ИЗ СОВРЕМЕННОЙ ИТАЛЬЯНСКОЙ ПОЭЗИИ

УМБЕРТО САБА

МОЕ ДОСТОЯНИЕ

Причалив после яростного шторма К приветливому дружескому дому, Я подхожу, теперь уже свободный, К раскрытому окну и наблюдаю, Как в облаках белеет рог луны. Передо мной Палаццо Питти. Лезут Мне в голову бесплодные вопросы: Зачем живу? И что теперь мне делать, Когда я стар, а в мире обновленье, Когда в руинах прошлых дней стремленья, А сам я на поверку оказался Слабее ужасающих событий? Я верил в смерть, что всё она развяжет, Теперь и в смерть не слишком верю я. Был у меня огромный мир, и в мире — Места, где я спасался. В них я видел Так много света, что и сам порою Вдруг становился светом. Друг мой юный, Любимейший из всех моих друзей, Почти мой сын!
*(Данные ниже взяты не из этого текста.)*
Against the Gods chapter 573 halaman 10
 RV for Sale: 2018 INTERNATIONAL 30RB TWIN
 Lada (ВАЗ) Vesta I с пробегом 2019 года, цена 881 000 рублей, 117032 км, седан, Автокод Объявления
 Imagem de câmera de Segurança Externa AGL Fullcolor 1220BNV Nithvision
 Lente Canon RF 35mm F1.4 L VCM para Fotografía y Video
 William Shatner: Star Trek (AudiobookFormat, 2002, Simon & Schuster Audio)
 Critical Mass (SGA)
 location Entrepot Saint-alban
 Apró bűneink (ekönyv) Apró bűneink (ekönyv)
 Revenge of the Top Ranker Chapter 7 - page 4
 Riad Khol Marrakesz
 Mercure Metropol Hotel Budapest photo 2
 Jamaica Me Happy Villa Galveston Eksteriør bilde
Ведь я не знаю даже, Где ты теперь? И жив ли ты? Как часто Я думаю, что ты в плену могилы, Что ты — в руках фашистов! И тогда я Стыжусь себя. Зачем мне эта пища И этот кров поистине любимый? Всё отнял у меня фашист неумолимый И гитлеровец-враг. Был у меня очаг, семья, подруга — Любимая приветливая Лина. Она жива еще и неповинна В том, что желает отдыха, хотя ей Как будто рано думать о покое. И как мне страшно видеть, что она Скитается по чуждым семьям, кормит Сухими щепками чужие очаги! От угрызений совести, от горя Я содрогаюсь в скорби нестерпимой… Всё отнял у меня фашист неумолимый И гитлеровец-враг. Имел я дочь. Теперь она большая. Я дал ей сердца лучшую частицу, Но и ее, любовь мою, царицу, Похитили несчастья у меня. Теперь она во мне одном находит Причину всех своих грехов, не смотрит В глаза мои и ходит нелюдимой… Всё отнял у меня фашист неумолимый И гитлеровец-враг. Я жил в прекрасном городе, который Лежит у моря возле гор скалистых. То был мой город, ибо я родился В его стенах. Мой больше всех других! Еще когда-то, будучи мальчишкой, Я чтил его, а сделавшись поэтом, Его в стихах с Италией венчал. А жить-то нужно! Вот я и избрал Зло наименьшее, и стал я антикваром По части книг, несчастный и гонимый… Всё отнял у меня фашист неумолимый И гитлеровец-враг. И кладбище имел я, на котором Спит мать моя с своими стариками. О, сколько раз, преодолев сомненья. Искал я там себе успокоенья! Но дни изгнания, лишенья и утрат Закрыли путь к земле моей родимой… Всё отнял у меня фашист неумолимый И гитлеровец-враг. Всё! Даже и могилу.

ПАОЛИНА

Паолина, друг мой Паолина, ты, как луч внезапный солнца, жизнь мою пронзила. Кто же ты? Едва знакомый, я дрожу от счастья, лишь тебя увижу рядом. Кто же ты? Вчера лишь я спросил: «Скажите ваше имя, синьорина!» Ты задумчиво взглянула, молвив: «Паолина». Паолина, плод земли родимой, бестелесная и вместе — самая земная, ты родилась там, где только и могла родиться, — в этом городе чудесном, где и я родился, над которым, что ни вечер, ходят в небе зори — свет божественный, обманный, испаренье моря. Паолина, друг мой Паолина, что ты носишь в юном сердце, чистая душою? О тебе мое мечтанье так же непорочно, словно легкий след дыханья в зеркале прозрачном. Вся, какая есть, ты — счастье. Словно паутина ореол волос прекрасных. Девушка и ангел, друг мой Паолина!